Y’a-t-il un rapport entre le nom de votre groupe (The Woodwards, « les Forestiers » et vos sculptures (troncs sculptés).

Non aucun. Le nom « the Woodwards » remonte à loin. Avec un ami, on se demandait souvent quel nom nous donerions à notre groupe de rock si nous en faisions un. En anglais, le bois fait aussi référence à une érection… On était plutôt donc parti sur « Morningwood » (rires de la chanteuse du groupe qui écoute l’interview) mais ce nom était déjà pris. A cette époque, à Vancouver, il y avait un grand magasin qui portait le nom de Woodward et qui était au centre d’un débat politique. Le magasin avait fermé et un nombre important de sans-abris avaient squatté l’endroit.
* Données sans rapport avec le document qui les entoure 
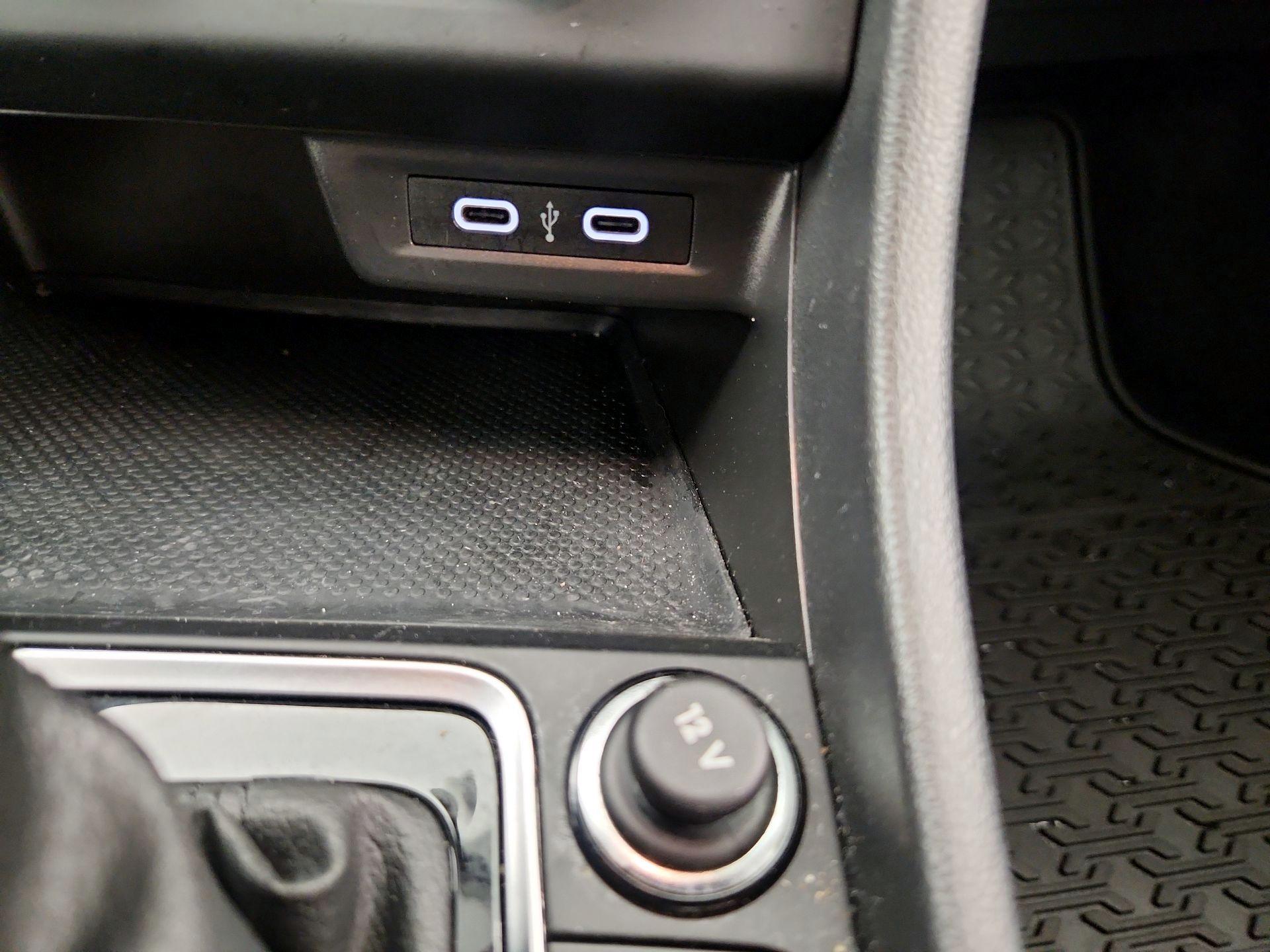 Thumbnail: 2021 Volkswagen Jetta - 18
Vancouver a un terrible problème avec les sans-abris… la police a essayé de les déloger, c’était un vrai sujet politique… On appelait les sans abris « The Woodwards », et on a fait imprimer des t-shirts en soutien à leur cause avant que le groupe n’existe…

En écoutant votre chanson « Nothing », l’ambiance, votre voix me rappelle Lou Reed, a-t-il été une source d’inspiration, le connaissiez-vous ?
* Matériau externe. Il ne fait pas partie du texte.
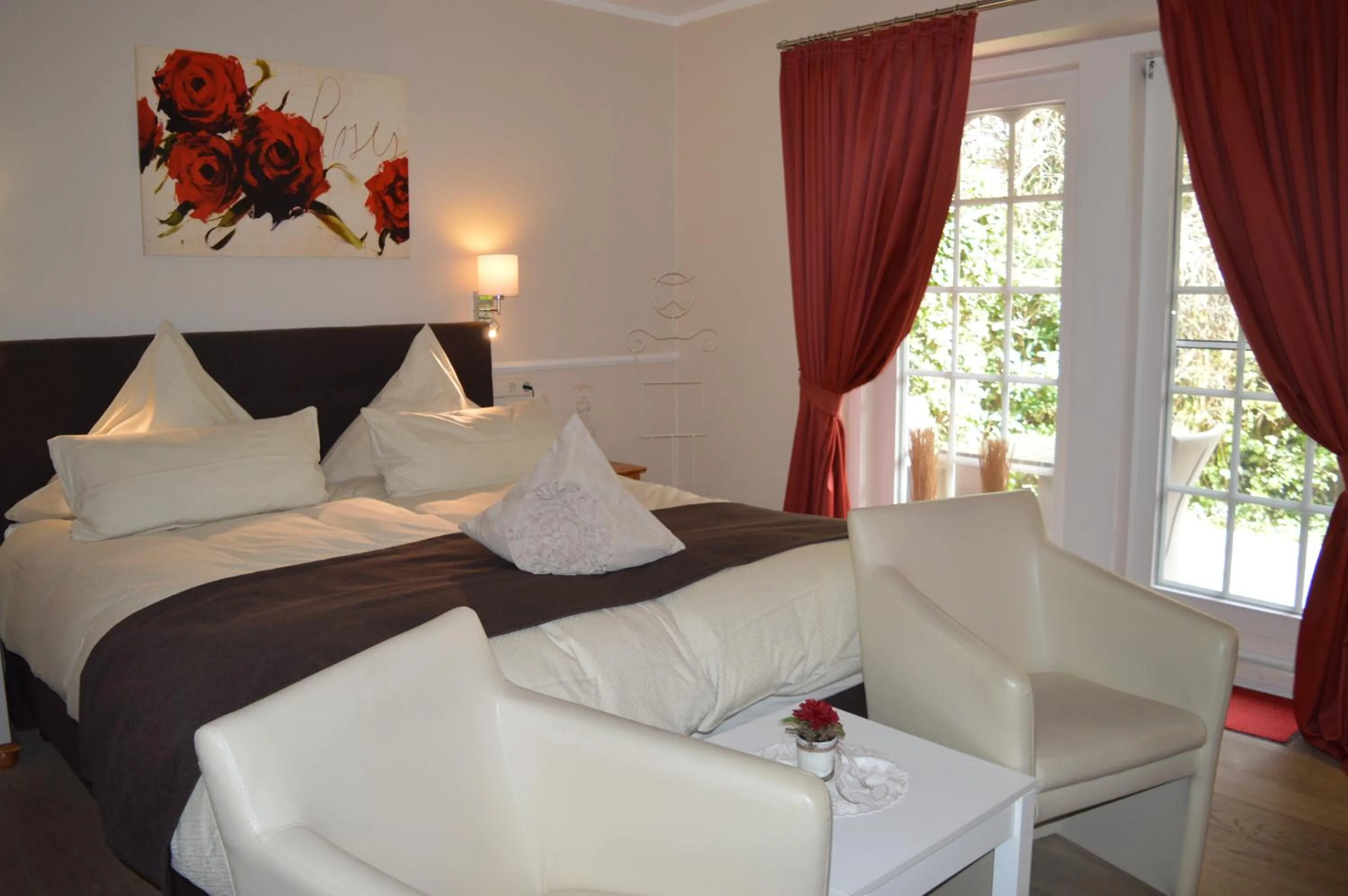 Photo of the whole room, Bed in Landhaus Zum Heidewanderer mit THERMEplus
J’ai rencontré Lou Reed de nombreuse fois, il faisait partie du paysage dans l’east Village des années 80. Il a certainement été une grande source d’inspiration, dans la vie en général plus encore que musicalement.

Comment vous êtes-vous rencontré avec Stevie Guy, la chanteuse du groupe ?

Stevie était l’ancienne petite amie de notre manager. Il y avait auparavant 3 chanteuses dans le groupe … Deux filles étaient indisponible pendant une tournée en Angleterre, Stevie a pris le relais. Je souhaitais pour ma part jouer avec une seule chanteuse, et seule Stevie était prête à s’impliquer dans le projet et cela fonctionne maintenant depuis pas mal d’années. Stevie est depuis également devenu ma « studio manager ».